Attempt at a definition
Adversarial attacks are deliberate attacks that use modified data input ("adversarial examples") to manipulate machine learning and, in the narrow sense, deep learning models in the interests of an attacker so that the models either no longer function well or they are transformed to serve the attacker's purposes. The motives behind this are manifold. These could be fraudulent purposes, acts of sabotage or simply the desire to hack.
What must be stressed, though, is that the attacker must have some kind of access to the system, be this through uploads or downloads, APIs (Application Programming Interface) or real existing objects (e.g., in image recognition). Systems within companies and organizations, whether on premise or in the cloud, must also be protected, but the opportunities for attacks are significantly lower compared with systems where AI is accessible to larger number of users as a service outside of a protected area.
Evasion attacks, for example, aim to prevent or circumvent an effect desired by AI, such as an AI-supported spam filter. Poisoning is generally referred to when the goal is to contaminate clean data sets.
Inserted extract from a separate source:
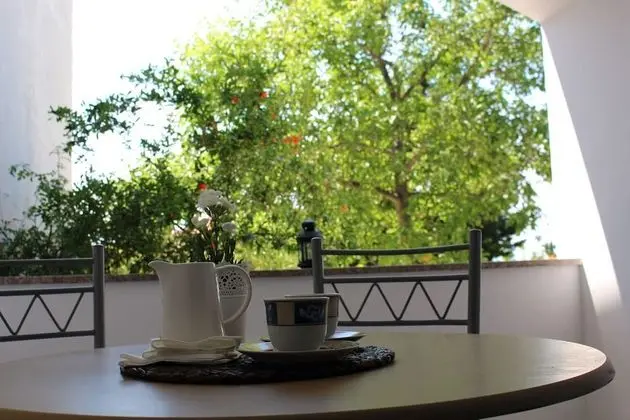 Apart Daire, 2 Yatak Odası, Deniz Manzaralı (1)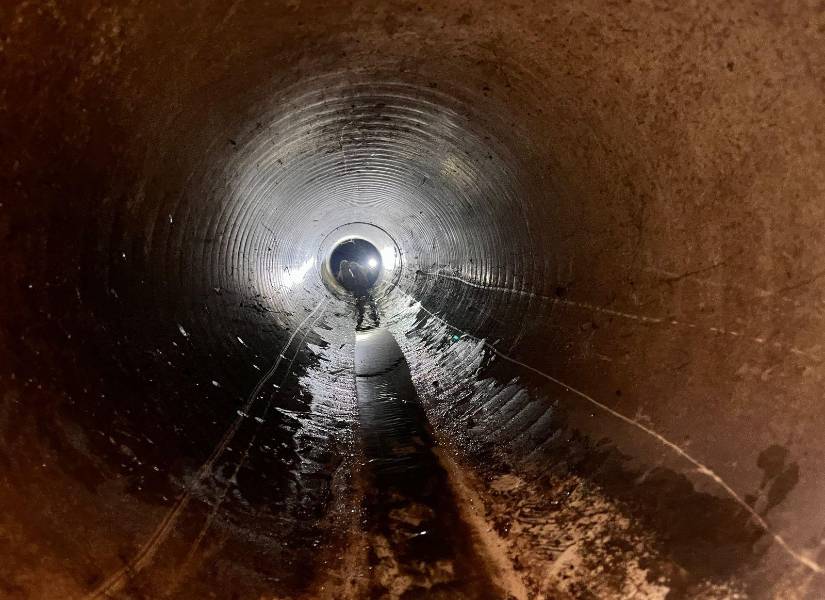 Las Fuerzas Armadas encontraron túneles en la cárcel de Cotopaxi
And finally, privacy attacks aim to manipulate digital identities, such as access control.
A distinction is also made between white box and black box attacks. In the former case, the attacker knows the data set and / or the AI model used, which is not the case for the latter. However, attackers can draw conclusions about the model from the returned results and thus refine their accuracy step by step with further attacks. Research has shown that such attacks can apply to various objects, such as text, audio, images, videos and control systems and also in principle to any kind of AI models.